Directed by Ian Morgan, “Martyrs Street” is kicking off a month-long run at the Theater for the New City ($18; www.smarttix.com) in the East Village. It focuses on two women, a secular feminist Palestinian academic named Noor (Maria Silverman), whose son Nimer (Haythem Noor) makes bombs for Hamas, and an Orthodox Jewish settler from Brooklyn named Dvorah (Nicole Kontolefa).
When both women are ordered to evacuate their homes by the Israeli government, they need to make difficult choices about how much to sacrifice for their respective ideologies. Even as the settlers try to foment violence that will bring the Messiah, the Arab bombmaker is happy to help them, since “starting a civil war among Jews,” Shulman noted, “is good for the Palestinians in the play.”
Having written other plays about the conflict, including “The Fist” (2004) and “Desert Sunrise” (2005), he was inspired by what he called a “very disturbing” trip that he took to Hebron almost a decade ago with Breaking the Silence, a left-wing organization that encourages Israeli soldiers to talk about the occupation of the West Bank, Gaza Strip and East Jerusalem.

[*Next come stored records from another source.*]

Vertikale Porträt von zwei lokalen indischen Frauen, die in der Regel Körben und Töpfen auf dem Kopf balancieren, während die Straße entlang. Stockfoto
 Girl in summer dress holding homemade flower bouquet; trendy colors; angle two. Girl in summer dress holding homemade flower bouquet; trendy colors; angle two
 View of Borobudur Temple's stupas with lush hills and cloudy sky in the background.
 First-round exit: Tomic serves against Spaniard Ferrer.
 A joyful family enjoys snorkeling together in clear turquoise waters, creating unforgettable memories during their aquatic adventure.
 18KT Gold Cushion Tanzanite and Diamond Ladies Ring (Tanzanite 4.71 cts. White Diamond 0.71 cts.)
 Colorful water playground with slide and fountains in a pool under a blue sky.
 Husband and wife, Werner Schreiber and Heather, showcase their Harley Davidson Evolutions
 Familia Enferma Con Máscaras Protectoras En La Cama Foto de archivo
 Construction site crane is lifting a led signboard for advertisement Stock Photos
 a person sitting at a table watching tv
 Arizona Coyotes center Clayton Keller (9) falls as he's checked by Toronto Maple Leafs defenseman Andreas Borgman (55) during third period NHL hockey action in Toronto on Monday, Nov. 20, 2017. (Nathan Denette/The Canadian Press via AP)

Shulman, who returned to Hebron last summer, views Hebron, where 67 Jews were massacred by Arab terrorists in 1929 and where 29 Arabs were murdered by Jewish extremist Baruch Goldstein in 1994, as “foreshadowing what will happen in other parts of the country.” After the 1994 massacre, he noted, the Israeli government instituted curfews on the Arabs and created an ethos and structure of spatial segregation that “formed Israelis’ thinking about the conflict.”
The playwright was particularly disappointed about the re-election last week of Benjamin Netanyahu, who has suggested that he will not cede any territory to the Palestinians. The country has become increasingly polarized, Shulman pointed out, to the extent that left-wing Jews (including his own father, who teaches at Hebrew University) have been physically attacked for expressing their views.
Though he hopes that his plays will “influence Israeli politics to get people to see the value of coexistence,” Shulman worries that “people will feel depressed that nothing will ever change.” But he remains hopeful that America can play a role, by “applying pressure in Israel to end the occupation.”